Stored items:
....
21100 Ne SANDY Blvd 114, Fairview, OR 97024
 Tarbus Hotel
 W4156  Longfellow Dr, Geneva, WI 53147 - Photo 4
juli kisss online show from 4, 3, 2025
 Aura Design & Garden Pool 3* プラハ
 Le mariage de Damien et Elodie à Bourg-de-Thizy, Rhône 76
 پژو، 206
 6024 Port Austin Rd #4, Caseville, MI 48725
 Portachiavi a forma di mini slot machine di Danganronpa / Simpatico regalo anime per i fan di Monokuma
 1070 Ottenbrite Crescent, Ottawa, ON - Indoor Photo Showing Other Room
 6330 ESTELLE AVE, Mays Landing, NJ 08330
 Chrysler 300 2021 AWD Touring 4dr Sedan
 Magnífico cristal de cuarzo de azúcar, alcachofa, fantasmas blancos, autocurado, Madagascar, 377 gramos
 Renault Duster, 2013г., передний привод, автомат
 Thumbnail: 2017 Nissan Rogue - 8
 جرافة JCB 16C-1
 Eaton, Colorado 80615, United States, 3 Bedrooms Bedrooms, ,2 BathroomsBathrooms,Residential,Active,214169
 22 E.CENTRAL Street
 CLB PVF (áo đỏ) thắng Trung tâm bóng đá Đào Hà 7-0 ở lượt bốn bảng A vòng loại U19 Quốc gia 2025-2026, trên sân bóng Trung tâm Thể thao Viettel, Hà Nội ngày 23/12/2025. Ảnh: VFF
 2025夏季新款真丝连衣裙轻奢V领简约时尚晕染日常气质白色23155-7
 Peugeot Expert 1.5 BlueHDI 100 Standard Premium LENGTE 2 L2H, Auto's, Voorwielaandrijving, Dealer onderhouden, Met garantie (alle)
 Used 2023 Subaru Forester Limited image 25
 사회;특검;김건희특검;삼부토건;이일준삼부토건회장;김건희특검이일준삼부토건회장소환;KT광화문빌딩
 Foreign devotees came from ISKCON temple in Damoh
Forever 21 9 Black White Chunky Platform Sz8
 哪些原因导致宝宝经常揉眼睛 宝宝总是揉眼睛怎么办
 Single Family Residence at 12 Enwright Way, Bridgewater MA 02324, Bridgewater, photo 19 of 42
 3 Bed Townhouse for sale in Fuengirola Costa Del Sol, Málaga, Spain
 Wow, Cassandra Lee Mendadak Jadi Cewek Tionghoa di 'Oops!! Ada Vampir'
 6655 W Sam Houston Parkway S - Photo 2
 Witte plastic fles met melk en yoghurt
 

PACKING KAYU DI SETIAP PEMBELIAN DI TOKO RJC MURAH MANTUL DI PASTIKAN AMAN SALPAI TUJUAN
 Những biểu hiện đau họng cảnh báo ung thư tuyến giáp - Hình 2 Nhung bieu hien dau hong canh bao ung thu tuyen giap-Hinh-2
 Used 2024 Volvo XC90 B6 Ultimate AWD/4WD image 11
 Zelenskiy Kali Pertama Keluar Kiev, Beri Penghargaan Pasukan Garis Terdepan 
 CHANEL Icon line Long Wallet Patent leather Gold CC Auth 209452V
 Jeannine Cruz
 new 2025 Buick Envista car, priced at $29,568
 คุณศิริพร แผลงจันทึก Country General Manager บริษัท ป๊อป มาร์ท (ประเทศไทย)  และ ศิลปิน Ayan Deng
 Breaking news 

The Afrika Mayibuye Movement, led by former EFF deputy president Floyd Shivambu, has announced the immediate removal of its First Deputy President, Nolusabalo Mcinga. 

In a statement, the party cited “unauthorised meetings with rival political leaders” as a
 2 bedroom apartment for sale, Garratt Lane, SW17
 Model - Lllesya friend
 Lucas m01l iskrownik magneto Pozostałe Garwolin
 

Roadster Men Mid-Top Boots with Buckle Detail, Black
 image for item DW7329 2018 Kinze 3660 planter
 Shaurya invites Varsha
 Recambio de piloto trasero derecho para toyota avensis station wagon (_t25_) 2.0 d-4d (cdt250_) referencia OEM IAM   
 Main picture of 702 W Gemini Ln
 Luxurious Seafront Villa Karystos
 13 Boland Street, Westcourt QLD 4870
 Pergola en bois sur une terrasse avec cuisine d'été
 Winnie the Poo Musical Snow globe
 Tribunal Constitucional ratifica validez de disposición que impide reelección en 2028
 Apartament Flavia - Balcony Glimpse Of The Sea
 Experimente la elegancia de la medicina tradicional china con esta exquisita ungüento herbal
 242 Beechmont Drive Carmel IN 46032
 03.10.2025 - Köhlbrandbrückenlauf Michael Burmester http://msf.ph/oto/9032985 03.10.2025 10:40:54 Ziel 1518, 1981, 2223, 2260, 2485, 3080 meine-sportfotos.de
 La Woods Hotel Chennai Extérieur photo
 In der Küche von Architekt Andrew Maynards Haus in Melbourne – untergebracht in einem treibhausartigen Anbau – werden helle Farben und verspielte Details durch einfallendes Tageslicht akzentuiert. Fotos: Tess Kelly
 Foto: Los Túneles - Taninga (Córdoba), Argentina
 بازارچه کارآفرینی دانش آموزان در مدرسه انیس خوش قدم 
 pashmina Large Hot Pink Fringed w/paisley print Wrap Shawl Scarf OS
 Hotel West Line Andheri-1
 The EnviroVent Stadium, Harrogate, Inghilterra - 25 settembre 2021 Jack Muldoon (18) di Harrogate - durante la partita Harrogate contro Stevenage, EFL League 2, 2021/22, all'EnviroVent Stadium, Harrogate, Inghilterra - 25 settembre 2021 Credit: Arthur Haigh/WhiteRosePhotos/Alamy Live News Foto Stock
....
:: Instructions for the task ::
What you return must be an exact retyping of the lines above starting at the line with "Eaton, Colorado 80615, United" and ending at the line with "2025夏季新款真丝连衣裙轻奢V领简约时尚晕染日常气质白色23155-7", and nothing besides.

:: Response to this exercise ::
 Eaton, Colorado 80615, United States, 3 Bedrooms Bedrooms, ,2 BathroomsBathrooms,Residential,Active,214169
 22 E.CENTRAL Street
 CLB PVF (áo đỏ) thắng Trung tâm bóng đá Đào Hà 7-0 ở lượt bốn bảng A vòng loại U19 Quốc gia 2025-2026, trên sân bóng Trung tâm Thể thao Viettel, Hà Nội ngày 23/12/2025. Ảnh: VFF
 2025夏季新款真丝连衣裙轻奢V领简约时尚晕染日常气质白色23155-7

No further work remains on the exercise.